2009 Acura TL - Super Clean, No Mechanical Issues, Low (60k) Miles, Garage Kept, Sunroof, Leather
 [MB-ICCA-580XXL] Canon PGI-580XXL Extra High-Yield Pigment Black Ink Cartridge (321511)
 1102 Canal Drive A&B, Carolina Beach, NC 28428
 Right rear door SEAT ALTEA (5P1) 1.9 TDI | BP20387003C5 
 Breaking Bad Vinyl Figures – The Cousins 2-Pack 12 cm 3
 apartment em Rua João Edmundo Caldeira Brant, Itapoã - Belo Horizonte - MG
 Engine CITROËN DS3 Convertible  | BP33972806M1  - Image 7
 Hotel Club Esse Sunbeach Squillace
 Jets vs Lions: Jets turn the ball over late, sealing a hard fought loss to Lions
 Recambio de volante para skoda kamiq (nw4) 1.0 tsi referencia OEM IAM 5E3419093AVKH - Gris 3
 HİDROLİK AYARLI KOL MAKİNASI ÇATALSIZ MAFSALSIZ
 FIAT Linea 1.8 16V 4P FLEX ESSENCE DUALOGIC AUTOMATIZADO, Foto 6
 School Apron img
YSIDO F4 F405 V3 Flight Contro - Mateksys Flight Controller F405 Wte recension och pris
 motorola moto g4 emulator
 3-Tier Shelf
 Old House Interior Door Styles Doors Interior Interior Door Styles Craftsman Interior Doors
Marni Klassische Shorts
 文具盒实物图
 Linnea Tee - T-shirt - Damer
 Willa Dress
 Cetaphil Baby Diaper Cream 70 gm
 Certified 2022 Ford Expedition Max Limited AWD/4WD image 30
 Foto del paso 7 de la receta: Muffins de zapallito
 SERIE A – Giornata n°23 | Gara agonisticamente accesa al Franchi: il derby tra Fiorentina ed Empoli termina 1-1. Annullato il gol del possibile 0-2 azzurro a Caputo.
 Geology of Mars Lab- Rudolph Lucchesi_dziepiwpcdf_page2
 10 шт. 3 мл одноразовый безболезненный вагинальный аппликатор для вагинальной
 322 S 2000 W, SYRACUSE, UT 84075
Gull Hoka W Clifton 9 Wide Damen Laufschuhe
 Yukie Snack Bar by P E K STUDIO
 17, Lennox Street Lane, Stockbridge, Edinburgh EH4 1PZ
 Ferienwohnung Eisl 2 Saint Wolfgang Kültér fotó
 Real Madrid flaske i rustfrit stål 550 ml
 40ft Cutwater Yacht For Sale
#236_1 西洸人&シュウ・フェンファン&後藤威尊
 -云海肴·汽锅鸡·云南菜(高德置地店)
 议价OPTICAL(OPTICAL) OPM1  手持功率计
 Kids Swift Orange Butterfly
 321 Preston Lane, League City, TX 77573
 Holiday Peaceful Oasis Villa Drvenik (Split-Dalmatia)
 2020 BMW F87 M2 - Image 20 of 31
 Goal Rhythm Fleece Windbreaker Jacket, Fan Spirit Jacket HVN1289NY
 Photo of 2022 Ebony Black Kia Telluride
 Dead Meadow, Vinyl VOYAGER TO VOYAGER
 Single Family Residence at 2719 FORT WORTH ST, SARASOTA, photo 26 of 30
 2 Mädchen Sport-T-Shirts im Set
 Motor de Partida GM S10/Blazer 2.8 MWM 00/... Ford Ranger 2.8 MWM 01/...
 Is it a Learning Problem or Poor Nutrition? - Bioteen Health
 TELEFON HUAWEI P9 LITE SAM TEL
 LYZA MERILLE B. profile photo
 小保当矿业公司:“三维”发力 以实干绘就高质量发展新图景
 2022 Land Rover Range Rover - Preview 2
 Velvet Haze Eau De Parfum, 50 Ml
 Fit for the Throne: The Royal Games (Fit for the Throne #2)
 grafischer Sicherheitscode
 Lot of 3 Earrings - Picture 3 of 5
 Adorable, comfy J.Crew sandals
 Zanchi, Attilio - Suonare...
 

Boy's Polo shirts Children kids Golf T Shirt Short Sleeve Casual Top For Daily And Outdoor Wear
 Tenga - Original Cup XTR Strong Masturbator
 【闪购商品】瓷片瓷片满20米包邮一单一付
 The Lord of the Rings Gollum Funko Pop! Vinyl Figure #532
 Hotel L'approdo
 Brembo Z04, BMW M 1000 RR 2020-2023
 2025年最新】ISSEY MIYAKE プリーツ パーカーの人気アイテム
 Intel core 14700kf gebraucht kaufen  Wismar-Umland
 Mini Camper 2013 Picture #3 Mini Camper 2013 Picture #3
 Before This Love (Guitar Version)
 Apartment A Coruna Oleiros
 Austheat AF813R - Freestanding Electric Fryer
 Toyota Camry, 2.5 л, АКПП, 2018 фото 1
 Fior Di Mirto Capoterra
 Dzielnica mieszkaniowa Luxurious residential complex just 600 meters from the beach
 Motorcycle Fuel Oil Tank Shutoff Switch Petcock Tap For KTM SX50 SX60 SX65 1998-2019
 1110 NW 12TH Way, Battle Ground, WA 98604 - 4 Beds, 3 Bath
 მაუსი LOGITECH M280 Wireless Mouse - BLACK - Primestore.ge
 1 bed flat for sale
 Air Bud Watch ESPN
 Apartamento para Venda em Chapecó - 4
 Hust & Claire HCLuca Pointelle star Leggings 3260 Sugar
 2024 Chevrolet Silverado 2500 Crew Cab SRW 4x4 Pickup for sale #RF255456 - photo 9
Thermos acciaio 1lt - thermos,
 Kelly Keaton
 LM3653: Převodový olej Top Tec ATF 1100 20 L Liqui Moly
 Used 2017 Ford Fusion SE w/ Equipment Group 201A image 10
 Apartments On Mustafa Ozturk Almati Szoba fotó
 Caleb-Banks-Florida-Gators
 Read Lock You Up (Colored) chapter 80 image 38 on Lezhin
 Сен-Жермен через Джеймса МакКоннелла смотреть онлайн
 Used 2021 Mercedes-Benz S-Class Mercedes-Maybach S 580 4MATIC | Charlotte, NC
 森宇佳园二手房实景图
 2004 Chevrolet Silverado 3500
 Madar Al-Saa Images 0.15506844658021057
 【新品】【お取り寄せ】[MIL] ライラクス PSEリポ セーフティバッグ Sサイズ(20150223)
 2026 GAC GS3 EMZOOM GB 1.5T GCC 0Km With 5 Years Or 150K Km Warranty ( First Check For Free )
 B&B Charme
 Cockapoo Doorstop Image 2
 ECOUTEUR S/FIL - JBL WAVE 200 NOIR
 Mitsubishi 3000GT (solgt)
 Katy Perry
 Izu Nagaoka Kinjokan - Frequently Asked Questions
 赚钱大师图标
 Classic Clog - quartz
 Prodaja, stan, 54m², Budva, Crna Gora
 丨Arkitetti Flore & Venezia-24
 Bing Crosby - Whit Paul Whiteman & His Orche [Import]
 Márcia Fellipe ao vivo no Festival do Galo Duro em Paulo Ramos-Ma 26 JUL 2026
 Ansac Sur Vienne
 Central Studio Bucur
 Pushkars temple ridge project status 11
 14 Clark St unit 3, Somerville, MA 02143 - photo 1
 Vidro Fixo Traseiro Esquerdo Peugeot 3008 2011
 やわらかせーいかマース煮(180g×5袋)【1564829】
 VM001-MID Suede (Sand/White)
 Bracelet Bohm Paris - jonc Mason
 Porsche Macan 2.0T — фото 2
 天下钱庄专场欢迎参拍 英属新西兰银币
....
• Task item: Whatever appears in the listing above, write it down again exactly.

• Reply to the task:
2009 Acura TL - Super Clean, No Mechanical Issues, Low (60k) Miles, Garage Kept, Sunroof, Leather
 [MB-ICCA-580XXL] Canon PGI-580XXL Extra High-Yield Pigment Black Ink Cartridge (321511)
 1102 Canal Drive A&B, Carolina Beach, NC 28428
 Right rear door SEAT ALTEA (5P1) 1.9 TDI | BP20387003C5 
 Breaking Bad Vinyl Figures – The Cousins 2-Pack 12 cm 3
 apartment em Rua João Edmundo Caldeira Brant, Itapoã - Belo Horizonte - MG
 Engine CITROËN DS3 Convertible  | BP33972806M1  - Image 7
 Hotel Club Esse Sunbeach Squillace
 Jets vs Lions: Jets turn the ball over late, sealing a hard fought loss to Lions
 Recambio de volante para skoda kamiq (nw4) 1.0 tsi referencia OEM IAM 5E3419093AVKH - Gris 3
 HİDROLİK AYARLI KOL MAKİNASI ÇATALSIZ MAFSALSIZ
 FIAT Linea 1.8 16V 4P FLEX ESSENCE DUALOGIC AUTOMATIZADO, Foto 6
 School Apron img
YSIDO F4 F405 V3 Flight Contro - Mateksys Flight Controller F405 Wte recension och pris
 motorola moto g4 emulator
 3-Tier Shelf
 Old House Interior Door Styles Doors Interior Interior Door Styles Craftsman Interior Doors
Marni Klassische Shorts
 文具盒实物图
 Linnea Tee - T-shirt - Damer
 Willa Dress
 Cetaphil Baby Diaper Cream 70 gm
 Certified 2022 Ford Expedition Max Limited AWD/4WD image 30
 Foto del paso 7 de la receta: Muffins de zapallito
 SERIE A – Giornata n°23 | Gara agonisticamente accesa al Franchi: il derby tra Fiorentina ed Empoli termina 1-1. Annullato il gol del possibile 0-2 azzurro a Caputo.
 Geology of Mars Lab- Rudolph Lucchesi_dziepiwpcdf_page2
 10 шт. 3 мл одноразовый безболезненный вагинальный аппликатор для вагинальной
 322 S 2000 W, SYRACUSE, UT 84075
Gull Hoka W Clifton 9 Wide Damen Laufschuhe
 Yukie Snack Bar by P E K STUDIO
 17, Lennox Street Lane, Stockbridge, Edinburgh EH4 1PZ
 Ferienwohnung Eisl 2 Saint Wolfgang Kültér fotó
 Real Madrid flaske i rustfrit stål 550 ml
 40ft Cutwater Yacht For Sale
#236_1 西洸人&シュウ・フェンファン&後藤威尊
 -云海肴·汽锅鸡·云南菜(高德置地店)
 议价OPTICAL(OPTICAL) OPM1  手持功率计
 Kids Swift Orange Butterfly
 321 Preston Lane, League City, TX 77573
 Holiday Peaceful Oasis Villa Drvenik (Split-Dalmatia)
 2020 BMW F87 M2 - Image 20 of 31
 Goal Rhythm Fleece Windbreaker Jacket, Fan Spirit Jacket HVN1289NY
 Photo of 2022 Ebony Black Kia Telluride
 Dead Meadow, Vinyl VOYAGER TO VOYAGER
 Single Family Residence at 2719 FORT WORTH ST, SARASOTA, photo 26 of 30
 2 Mädchen Sport-T-Shirts im Set
 Motor de Partida GM S10/Blazer 2.8 MWM 00/... Ford Ranger 2.8 MWM 01/...
 Is it a Learning Problem or Poor Nutrition? - Bioteen Health
 TELEFON HUAWEI P9 LITE SAM TEL
 LYZA MERILLE B. profile photo
 小保当矿业公司:“三维”发力 以实干绘就高质量发展新图景
 2022 Land Rover Range Rover - Preview 2
 Velvet Haze Eau De Parfum, 50 Ml
 Fit for the Throne: The Royal Games (Fit for the Throne #2)
 grafischer Sicherheitscode
 Lot of 3 Earrings - Picture 3 of 5
 Adorable, comfy J.Crew sandals
 Zanchi, Attilio - Suonare...
 

Boy's Polo shirts Children kids Golf T Shirt Short Sleeve Casual Top For Daily And Outdoor Wear
 Tenga - Original Cup XTR Strong Masturbator
 【闪购商品】瓷片瓷片满20米包邮一单一付
 The Lord of the Rings Gollum Funko Pop! Vinyl Figure #532
 Hotel L'approdo
 Brembo Z04, BMW M 1000 RR 2020-2023
 2025年最新】ISSEY MIYAKE プリーツ パーカーの人気アイテム
 Intel core 14700kf gebraucht kaufen  Wismar-Umland
 Mini Camper 2013 Picture #3 Mini Camper 2013 Picture #3
 Before This Love (Guitar Version)
 Apartment A Coruna Oleiros
 Austheat AF813R - Freestanding Electric Fryer
 Toyota Camry, 2.5 л, АКПП, 2018 фото 1
 Fior Di Mirto Capoterra
 Dzielnica mieszkaniowa Luxurious residential complex just 600 meters from the beach
 Motorcycle Fuel Oil Tank Shutoff Switch Petcock Tap For KTM SX50 SX60 SX65 1998-2019
 1110 NW 12TH Way, Battle Ground, WA 98604 - 4 Beds, 3 Bath
 მაუსი LOGITECH M280 Wireless Mouse - BLACK - Primestore.ge
 1 bed flat for sale
 Air Bud Watch ESPN
 Apartamento para Venda em Chapecó - 4
 Hust & Claire HCLuca Pointelle star Leggings 3260 Sugar
 2024 Chevrolet Silverado 2500 Crew Cab SRW 4x4 Pickup for sale #RF255456 - photo 9
Thermos acciaio 1lt - thermos,
 Kelly Keaton
 LM3653: Převodový olej Top Tec ATF 1100 20 L Liqui Moly
 Used 2017 Ford Fusion SE w/ Equipment Group 201A image 10
 Apartments On Mustafa Ozturk Almati Szoba fotó
 Caleb-Banks-Florida-Gators
 Read Lock You Up (Colored) chapter 80 image 38 on Lezhin
 Сен-Жермен через Джеймса МакКоннелла смотреть онлайн
 Used 2021 Mercedes-Benz S-Class Mercedes-Maybach S 580 4MATIC | Charlotte, NC
 森宇佳园二手房实景图
 2004 Chevrolet Silverado 3500
 Madar Al-Saa Images 0.15506844658021057
 【新品】【お取り寄せ】[MIL] ライラクス PSEリポ セーフティバッグ Sサイズ(20150223)
 2026 GAC GS3 EMZOOM GB 1.5T GCC 0Km With 5 Years Or 150K Km Warranty ( First Check For Free )
 B&B Charme
 Cockapoo Doorstop Image 2
 ECOUTEUR S/FIL - JBL WAVE 200 NOIR
 Mitsubishi 3000GT (solgt)
 Katy Perry
 Izu Nagaoka Kinjokan - Frequently Asked Questions
 赚钱大师图标
 Classic Clog - quartz
 Prodaja, stan, 54m², Budva, Crna Gora
 丨Arkitetti Flore & Venezia-24
 Bing Crosby - Whit Paul Whiteman & His Orche [Import]
 Márcia Fellipe ao vivo no Festival do Galo Duro em Paulo Ramos-Ma 26 JUL 2026
 Ansac Sur Vienne
 Central Studio Bucur
 Pushkars temple ridge project status 11
 14 Clark St unit 3, Somerville, MA 02143 - photo 1
 Vidro Fixo Traseiro Esquerdo Peugeot 3008 2011
 やわらかせーいかマース煮(180g×5袋)【1564829】
 VM001-MID Suede (Sand/White)
 Bracelet Bohm Paris - jonc Mason
 Porsche Macan 2.0T — фото 2
 天下钱庄专场欢迎参拍 英属新西兰银币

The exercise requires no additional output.